Dangerous Code and Prototype Pollution
JavaScript is flexible.
That flexibility is powerful, but it also creates security risks when untrusted data controls code behavior.
Two important ideas to know are:
- avoid dynamic code execution
- be careful when copying untrusted object properties
Avoid eval
eval() runs a string as JavaScript code.
// Avoid this
const result = eval(userInput);If userInput is untrusted, the string can do far more than return a value.
Most uses of eval() have safer alternatives.
Avoid new Function
new Function() also creates executable code from a string.
// Avoid this with untrusted strings
const calculate = new Function("price", `return ${formula}`);This has similar risks to eval().

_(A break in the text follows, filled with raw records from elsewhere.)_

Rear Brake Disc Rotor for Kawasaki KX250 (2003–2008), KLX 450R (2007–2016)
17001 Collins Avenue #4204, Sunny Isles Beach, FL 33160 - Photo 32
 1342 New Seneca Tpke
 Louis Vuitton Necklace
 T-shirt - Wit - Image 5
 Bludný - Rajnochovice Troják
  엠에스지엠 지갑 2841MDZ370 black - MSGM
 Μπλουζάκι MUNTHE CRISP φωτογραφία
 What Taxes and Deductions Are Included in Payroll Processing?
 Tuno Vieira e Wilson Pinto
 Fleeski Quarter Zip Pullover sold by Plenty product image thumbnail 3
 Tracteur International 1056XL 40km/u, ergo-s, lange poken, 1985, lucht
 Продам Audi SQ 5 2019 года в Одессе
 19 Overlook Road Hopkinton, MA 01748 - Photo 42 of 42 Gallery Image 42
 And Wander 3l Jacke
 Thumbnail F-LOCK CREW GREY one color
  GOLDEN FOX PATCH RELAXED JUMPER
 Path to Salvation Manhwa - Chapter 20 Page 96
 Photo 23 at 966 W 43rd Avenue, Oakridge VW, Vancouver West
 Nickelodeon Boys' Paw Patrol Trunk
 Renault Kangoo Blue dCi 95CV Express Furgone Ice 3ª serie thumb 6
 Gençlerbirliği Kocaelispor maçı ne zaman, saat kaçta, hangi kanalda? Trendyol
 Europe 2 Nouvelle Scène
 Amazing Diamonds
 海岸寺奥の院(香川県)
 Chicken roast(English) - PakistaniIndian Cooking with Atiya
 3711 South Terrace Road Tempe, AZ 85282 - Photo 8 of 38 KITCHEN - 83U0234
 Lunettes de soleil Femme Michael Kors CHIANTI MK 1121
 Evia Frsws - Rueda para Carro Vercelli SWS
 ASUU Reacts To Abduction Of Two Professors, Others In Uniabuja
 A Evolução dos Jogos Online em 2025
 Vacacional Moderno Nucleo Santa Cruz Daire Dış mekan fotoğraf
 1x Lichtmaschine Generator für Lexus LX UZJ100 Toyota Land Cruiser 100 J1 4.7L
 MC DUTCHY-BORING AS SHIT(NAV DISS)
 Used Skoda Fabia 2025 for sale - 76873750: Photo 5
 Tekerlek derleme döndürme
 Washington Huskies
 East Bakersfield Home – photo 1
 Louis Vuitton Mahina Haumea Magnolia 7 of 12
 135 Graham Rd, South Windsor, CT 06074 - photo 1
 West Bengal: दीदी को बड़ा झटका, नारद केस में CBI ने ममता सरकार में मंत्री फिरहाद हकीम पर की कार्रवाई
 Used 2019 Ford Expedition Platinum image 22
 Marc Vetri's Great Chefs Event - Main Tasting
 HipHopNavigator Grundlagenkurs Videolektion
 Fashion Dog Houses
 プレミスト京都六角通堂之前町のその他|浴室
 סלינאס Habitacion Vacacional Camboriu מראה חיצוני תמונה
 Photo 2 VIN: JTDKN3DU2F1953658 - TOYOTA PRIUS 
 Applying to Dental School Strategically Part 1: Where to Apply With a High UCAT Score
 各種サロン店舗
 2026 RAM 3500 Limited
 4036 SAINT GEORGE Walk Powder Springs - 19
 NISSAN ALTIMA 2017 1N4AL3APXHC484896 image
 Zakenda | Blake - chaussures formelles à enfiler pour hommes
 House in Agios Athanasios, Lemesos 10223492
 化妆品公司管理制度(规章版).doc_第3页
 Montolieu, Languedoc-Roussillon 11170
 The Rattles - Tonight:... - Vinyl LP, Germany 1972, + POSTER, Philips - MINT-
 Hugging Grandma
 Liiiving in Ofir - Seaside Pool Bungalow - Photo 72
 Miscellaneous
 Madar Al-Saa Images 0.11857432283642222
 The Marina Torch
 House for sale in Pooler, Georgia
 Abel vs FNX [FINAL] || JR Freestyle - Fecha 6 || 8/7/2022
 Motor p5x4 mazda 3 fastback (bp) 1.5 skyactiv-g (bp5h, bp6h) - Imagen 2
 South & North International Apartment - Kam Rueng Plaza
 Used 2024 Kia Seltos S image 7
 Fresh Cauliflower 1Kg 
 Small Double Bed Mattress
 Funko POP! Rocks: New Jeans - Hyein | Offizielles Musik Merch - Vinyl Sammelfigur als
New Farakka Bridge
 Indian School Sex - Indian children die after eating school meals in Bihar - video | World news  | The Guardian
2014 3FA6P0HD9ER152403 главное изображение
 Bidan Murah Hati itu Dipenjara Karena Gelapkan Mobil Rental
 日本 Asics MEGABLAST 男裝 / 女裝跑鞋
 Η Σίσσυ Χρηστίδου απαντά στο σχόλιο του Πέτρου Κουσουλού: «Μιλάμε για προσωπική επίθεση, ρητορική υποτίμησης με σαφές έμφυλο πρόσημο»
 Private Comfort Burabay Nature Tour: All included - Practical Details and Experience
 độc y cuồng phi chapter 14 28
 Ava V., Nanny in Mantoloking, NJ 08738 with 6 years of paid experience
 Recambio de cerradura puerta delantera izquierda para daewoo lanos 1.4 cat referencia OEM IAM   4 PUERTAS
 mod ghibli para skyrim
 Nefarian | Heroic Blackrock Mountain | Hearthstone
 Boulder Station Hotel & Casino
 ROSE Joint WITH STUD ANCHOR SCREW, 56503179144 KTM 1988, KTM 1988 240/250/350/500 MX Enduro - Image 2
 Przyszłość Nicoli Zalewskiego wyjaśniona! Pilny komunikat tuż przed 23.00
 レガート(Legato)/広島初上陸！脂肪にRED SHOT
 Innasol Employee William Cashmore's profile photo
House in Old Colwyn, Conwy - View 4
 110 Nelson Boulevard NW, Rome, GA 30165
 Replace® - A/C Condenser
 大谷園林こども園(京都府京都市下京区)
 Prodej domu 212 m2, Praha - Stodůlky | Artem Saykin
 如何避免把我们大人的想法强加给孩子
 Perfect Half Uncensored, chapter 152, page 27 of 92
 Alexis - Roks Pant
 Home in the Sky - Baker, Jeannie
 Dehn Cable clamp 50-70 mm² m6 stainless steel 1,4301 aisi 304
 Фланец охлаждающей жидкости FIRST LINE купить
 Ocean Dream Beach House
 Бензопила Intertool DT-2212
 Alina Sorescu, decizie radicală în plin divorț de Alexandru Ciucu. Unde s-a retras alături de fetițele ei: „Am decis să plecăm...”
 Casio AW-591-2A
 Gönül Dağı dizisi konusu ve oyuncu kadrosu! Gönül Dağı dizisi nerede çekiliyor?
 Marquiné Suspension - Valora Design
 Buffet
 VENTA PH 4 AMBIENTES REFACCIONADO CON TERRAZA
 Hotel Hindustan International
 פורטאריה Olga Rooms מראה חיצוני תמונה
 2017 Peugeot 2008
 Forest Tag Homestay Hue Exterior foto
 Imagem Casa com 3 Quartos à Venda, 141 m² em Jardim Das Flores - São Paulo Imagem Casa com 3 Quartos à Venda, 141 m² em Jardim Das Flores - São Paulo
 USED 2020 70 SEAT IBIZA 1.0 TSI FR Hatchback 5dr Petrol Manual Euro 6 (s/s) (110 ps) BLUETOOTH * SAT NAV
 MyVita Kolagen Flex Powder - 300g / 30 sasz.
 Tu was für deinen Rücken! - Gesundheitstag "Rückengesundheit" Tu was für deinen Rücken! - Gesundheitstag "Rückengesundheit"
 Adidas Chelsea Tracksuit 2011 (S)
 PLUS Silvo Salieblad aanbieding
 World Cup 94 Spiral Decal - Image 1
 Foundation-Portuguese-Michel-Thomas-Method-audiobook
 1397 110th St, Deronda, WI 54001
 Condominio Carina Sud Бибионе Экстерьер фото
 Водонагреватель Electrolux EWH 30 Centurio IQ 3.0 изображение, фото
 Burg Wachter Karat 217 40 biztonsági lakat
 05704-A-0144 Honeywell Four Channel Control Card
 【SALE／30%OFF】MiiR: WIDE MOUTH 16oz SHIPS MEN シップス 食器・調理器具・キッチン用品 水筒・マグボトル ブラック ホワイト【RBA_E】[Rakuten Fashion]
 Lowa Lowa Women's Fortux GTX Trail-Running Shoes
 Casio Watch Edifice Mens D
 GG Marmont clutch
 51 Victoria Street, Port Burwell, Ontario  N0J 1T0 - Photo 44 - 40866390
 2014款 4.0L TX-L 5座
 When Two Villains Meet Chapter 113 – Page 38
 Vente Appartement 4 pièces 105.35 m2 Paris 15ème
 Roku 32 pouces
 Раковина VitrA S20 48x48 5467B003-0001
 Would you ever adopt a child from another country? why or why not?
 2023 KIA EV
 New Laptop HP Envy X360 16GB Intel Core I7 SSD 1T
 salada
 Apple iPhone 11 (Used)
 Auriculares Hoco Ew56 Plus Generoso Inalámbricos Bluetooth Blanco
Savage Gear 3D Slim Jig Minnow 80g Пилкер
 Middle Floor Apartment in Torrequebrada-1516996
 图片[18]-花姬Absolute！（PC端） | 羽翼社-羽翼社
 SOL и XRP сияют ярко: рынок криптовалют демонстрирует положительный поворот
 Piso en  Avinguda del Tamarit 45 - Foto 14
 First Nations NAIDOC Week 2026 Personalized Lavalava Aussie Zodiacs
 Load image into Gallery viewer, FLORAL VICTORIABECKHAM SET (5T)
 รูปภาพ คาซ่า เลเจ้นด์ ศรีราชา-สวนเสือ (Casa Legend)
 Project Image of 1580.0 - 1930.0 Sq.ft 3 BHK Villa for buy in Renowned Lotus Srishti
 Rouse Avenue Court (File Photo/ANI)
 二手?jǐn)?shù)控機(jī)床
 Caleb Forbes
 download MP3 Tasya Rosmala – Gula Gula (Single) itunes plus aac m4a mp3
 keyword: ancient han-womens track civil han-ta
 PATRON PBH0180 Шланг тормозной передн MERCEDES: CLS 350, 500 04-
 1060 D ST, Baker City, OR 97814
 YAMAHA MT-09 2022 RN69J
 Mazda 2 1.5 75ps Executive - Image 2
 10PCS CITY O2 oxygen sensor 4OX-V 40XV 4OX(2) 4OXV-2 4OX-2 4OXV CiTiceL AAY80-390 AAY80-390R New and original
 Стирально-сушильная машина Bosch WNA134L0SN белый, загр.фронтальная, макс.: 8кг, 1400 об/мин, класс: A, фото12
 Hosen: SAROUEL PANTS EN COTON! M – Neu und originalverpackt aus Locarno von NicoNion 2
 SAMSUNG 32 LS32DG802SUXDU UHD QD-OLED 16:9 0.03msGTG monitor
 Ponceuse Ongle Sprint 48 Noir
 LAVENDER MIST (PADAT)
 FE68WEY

If users need configurable behavior, prefer a small set of supported options.
const operations = {
addTax: (price) => price * 1.1,
discount10: (price) => price * 0.9,
};
function applyOperation(price, operationName) {
const operation = operations[operationName];
if (!operation) {
throw new Error("Unsupported operation");
}
return operation(price);
}The user chooses an operation name.
Your code chooses the function.
Dynamic Property Access
Dynamic property access is common.
const value = user[fieldName];This is not automatically unsafe.
But be careful when fieldName comes from untrusted input and controls sensitive behavior.
Prefer allow lists.
const allowedFields = new Set(["name", "email", "createdAt"]);
function getDisplayValue(user, fieldName) {
if (!allowedFields.has(fieldName)) {
return "";
}
return user[fieldName];
}Prototype Pollution Awareness
JavaScript objects inherit from prototypes.
Prototype pollution happens when code accidentally lets untrusted input modify object prototypes or special properties used by many objects.
You do not need to know every low-level detail yet.
You should know the practical rule:
Be careful when merging untrusted objects into other objects.
Risky Deep Merge Pattern
This simplified merge function recursively copies every key.
function merge(target, source) {
for (const key in source) {
if (typeof source[key] === "object" && source[key] !== null) {
target[key] = target[key] ?? {};
merge(target[key], source[key]);
} else {
target[key] = source[key];
}
}
return target;
}This kind of helper can be risky when source is untrusted.
Real-world merge utilities need to handle special keys, inherited properties, arrays, null values, and many edge cases.
Safer Object Copying
Only copy expected properties.
function parseProfileUpdate(input) {
return {
displayName: String(input.displayName ?? "").trim(),
bio: String(input.bio ?? "").trim(),
};
}This approach ignores unexpected keys.
It also makes the accepted data shape clear.
Use Object.hasOwn
When reading object properties from unknown objects, check own properties.
function hasSetting(settings, key) {
return Object.hasOwn(settings, key);
}This avoids accidentally treating inherited properties as direct data.
Older code may use Object.prototype.hasOwnProperty.call(object, key).
JSON Is Data, Not Trust
Parsing JSON does not make data safe.
const data = JSON.parse(responseText);After parsing, the result is still untrusted data.
Validate its shape before using it in security-sensitive places.
Common Mistakes
Do not run strings as JavaScript code.
Do not build formulas or filters with eval().
Do not deep-merge untrusted objects casually.
Do not copy every property from an API payload into app state without considering the shape.
Do not assume JSON.parse() validates meaning.
Summary
Avoid dynamic code execution with eval() and new Function().
Use allow lists for configurable behavior.
When handling unknown objects, copy expected properties, validate shapes, and be aware of prototype-related risks.